[Exercise prompt] The response must contain every line from the records below that has "Piece".

++++++++++++++++++++

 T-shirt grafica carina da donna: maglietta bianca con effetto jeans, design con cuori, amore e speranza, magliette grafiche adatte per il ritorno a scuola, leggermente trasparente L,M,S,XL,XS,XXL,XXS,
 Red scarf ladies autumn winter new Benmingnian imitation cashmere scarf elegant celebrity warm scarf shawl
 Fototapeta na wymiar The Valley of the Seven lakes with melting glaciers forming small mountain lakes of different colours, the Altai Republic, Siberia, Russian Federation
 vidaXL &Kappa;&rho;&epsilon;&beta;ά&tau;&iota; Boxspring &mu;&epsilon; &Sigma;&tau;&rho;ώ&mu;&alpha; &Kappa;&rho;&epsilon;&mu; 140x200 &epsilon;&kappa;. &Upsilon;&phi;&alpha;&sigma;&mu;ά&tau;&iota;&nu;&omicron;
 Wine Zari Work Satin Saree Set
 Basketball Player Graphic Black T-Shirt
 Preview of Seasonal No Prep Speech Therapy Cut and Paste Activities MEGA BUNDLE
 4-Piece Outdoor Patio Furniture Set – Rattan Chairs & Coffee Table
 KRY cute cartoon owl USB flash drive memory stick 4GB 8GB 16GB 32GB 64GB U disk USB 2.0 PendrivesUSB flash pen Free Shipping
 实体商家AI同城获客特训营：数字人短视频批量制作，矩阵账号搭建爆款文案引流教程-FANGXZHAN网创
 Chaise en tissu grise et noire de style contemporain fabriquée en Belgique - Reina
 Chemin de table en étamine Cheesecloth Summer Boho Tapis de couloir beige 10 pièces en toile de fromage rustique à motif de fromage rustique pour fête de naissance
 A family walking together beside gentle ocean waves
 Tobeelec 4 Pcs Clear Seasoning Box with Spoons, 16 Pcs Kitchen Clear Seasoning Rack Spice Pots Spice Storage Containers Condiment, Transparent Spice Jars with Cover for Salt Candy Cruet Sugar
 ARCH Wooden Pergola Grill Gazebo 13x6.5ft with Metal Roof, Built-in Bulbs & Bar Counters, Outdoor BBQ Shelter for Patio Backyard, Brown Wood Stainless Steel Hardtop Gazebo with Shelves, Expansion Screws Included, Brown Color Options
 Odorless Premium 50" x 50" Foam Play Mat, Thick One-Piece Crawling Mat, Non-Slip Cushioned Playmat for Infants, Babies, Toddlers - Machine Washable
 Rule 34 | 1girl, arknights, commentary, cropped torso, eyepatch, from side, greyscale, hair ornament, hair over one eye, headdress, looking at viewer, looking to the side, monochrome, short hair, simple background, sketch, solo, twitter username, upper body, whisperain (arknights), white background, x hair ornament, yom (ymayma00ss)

++++++++++++++++++++

[Task answer]
 4-Piece Outdoor Patio Furniture Set – Rattan Chairs & Coffee Table
 Odorless Premium 50" x 50" Foam Play Mat, Thick One-Piece Crawling Mat, Non-Slip Cushioned Playmat for Infants, Babies, Toddlers - Machine Washable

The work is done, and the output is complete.